Kepala Menteri Bengal Barat Mamata Banerjee menyerahkan sertifikat tanah itu pada Senin (28/1) dan menyatakan mereka yang tinggal di lebih dari 200 permukiman juga akan mendapat hak atas tanah itu meski permukiman itu merupakan lahan pribadi atau milik pemerintah federal.
“Kami akan mencoba membeli tanah itu dari para pemiliknya dan kami akan meminta pemerintah pusat mengatur koloni-koloni itu sesuai rencana yang disusun badan pusat,” kata Banerjee dilansir Reuters.
India juga tak memiliki undang-undang untuk melindung lebih dari 200.000 pengungsi yang saat ini ada, termasuk dari Tibet, Sri Lanka, Afghanistan, Bangladesh, dan Rohingya dari Myanmar.
Namun, dalam beberapa tahun terakhir, pemerintah memberikan hak-hak terbatas pada beberapa kelompok pengungsi. Tahun lalu, negara bagian Maharashtra memberikan hak kepemilikan tanah pada para pengungsi yang melarikan diri dari wilayah yang kini disebut Pakistan sekitar 70 tahun lalu, saat Pakistan memisahkan diri untuk kemerdekaan.
Pengungsi Chakma dan Hajong yang meninggalkan Bangladesh lebih dari lima dekade silam memiliki kewarganegaraan terbatas di India, tapi tidak memiliki hak atas tanah. Adapun pengungsi asal Tibet mendapat tunjangan kesejahteraan, tapi tidak memiliki hak atas properti.

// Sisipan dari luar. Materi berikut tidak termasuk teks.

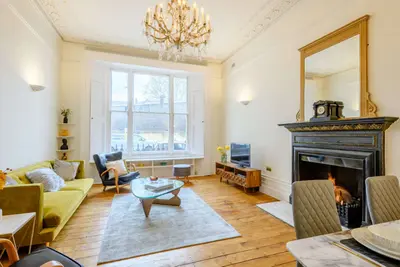 Linden Gardens, London, W2 4HJ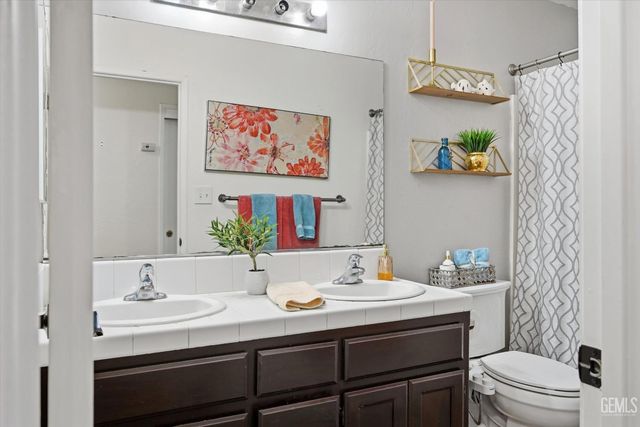 10720 Anacostia Way, Bakersfield, CA 93311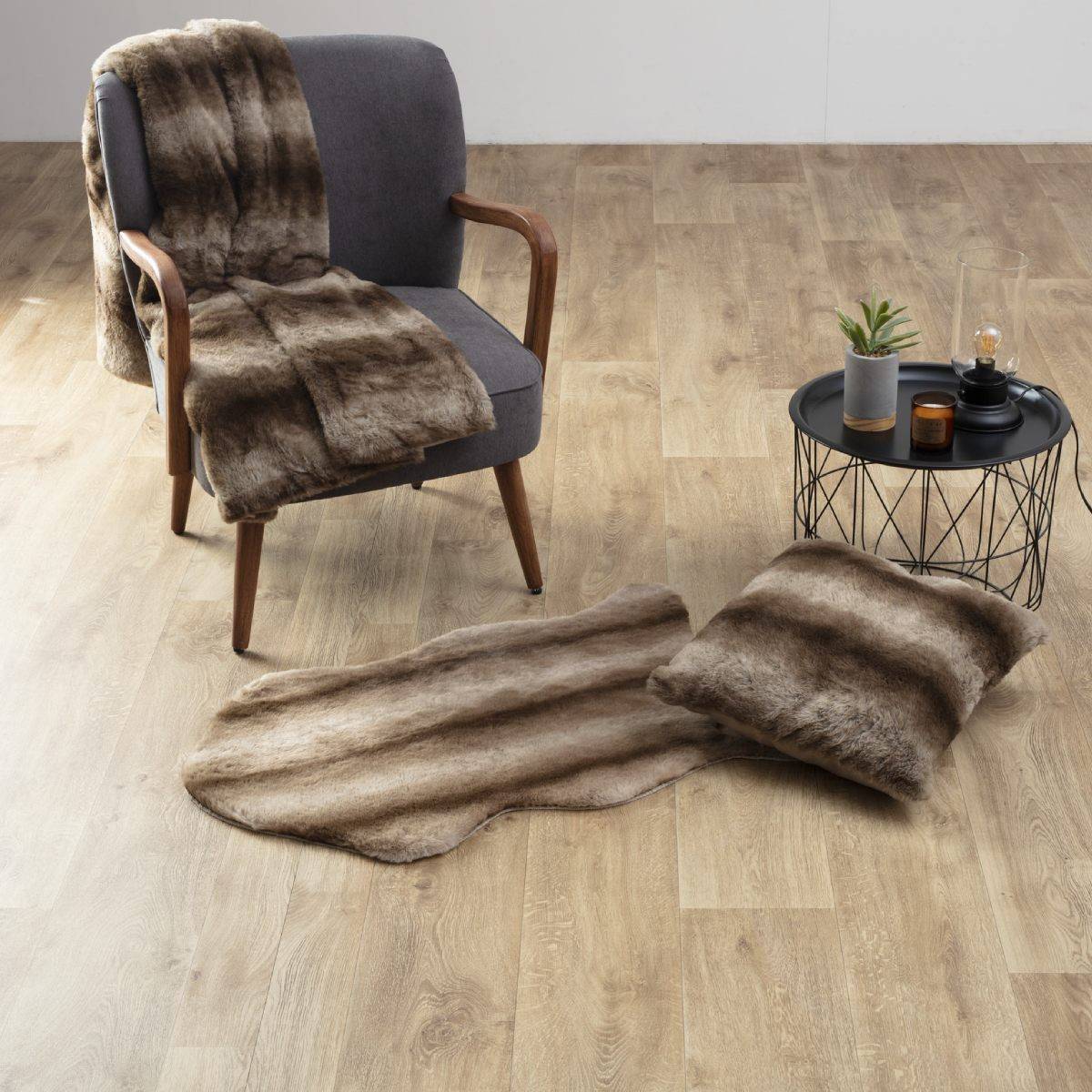 Atmosphera - Tapis décoratif en Fourrure nuance marron 60 x 90 cm - Image 3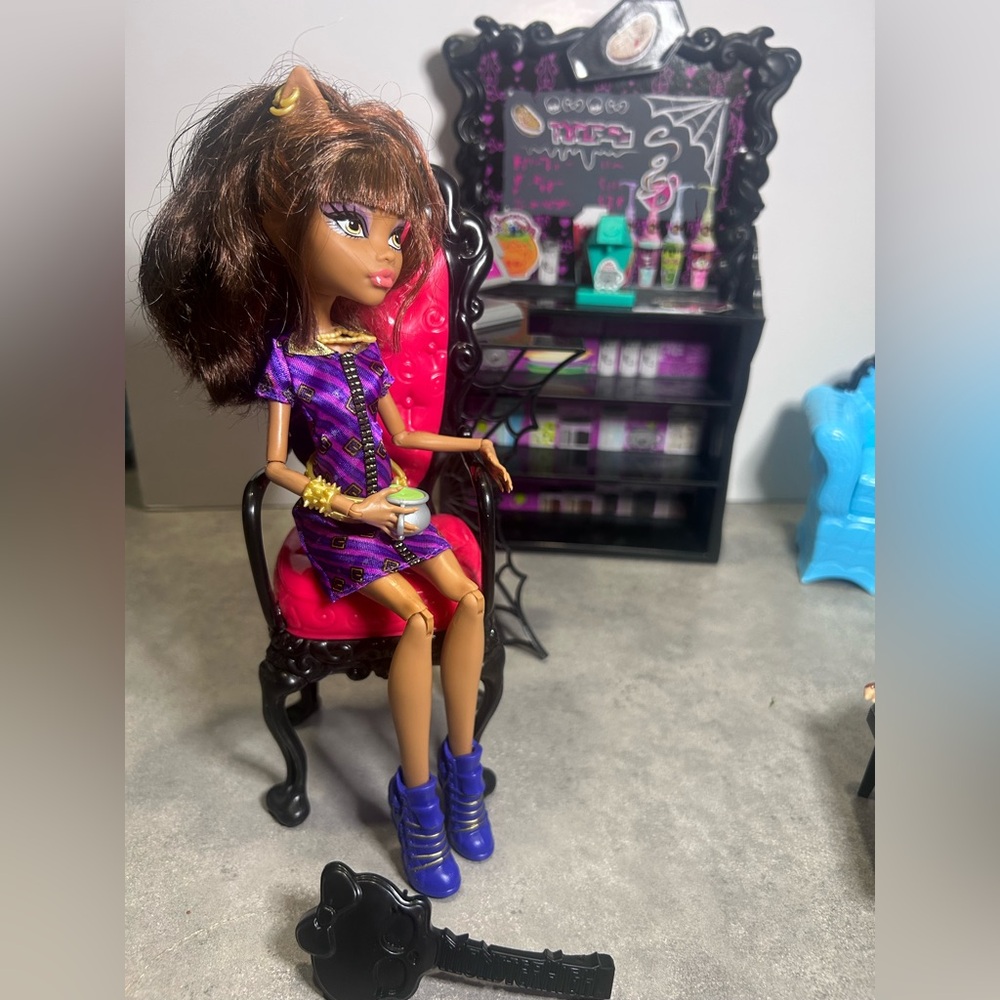 Monster High Coffin Bean datant de 2011, incluant la poupée Clawdeen Wolf ! - Picture 3 of 6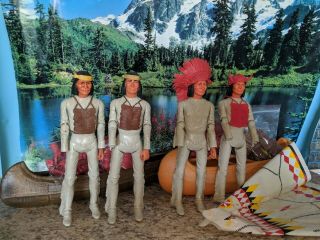 Johnny West Indians,  Tepee,  Marx Canoe,  Geyper Canoe.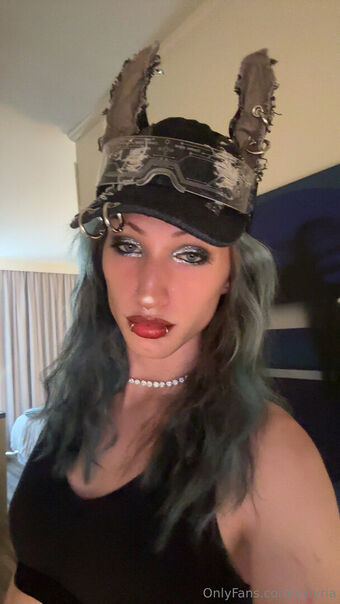 vylyria Голые слитые фото OnlyFans 20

Hak pengungsi menjadi fokus dalam Rancangan Undang-undang Perubahan Kewarganegaraan 2019 yang mengusulkan memberi kewarganegaraan pada komunitas Hindu, Sikh, Jain, Budha, Kristiani, dan Parsi dari Afghanistan, Pakistan, dan Bangladesh yang datang ke India sebelum 31 Desember 2014.
Dia menambahkan, “Tapi isu tentang tanggal pemotongan masih ada dan tidak jelas apakah memiliki sertifikat lahan itu cukup.”
Chakraborty merupakan satu dari lebih 100 akademisi dan aktivis yang meminta Presiden India Ram Nath Kovind menolak RUU itu karena dianggap diskriminatif berdasarkan agama dan melanggar prinsip konstitusional untuk kesetaraan.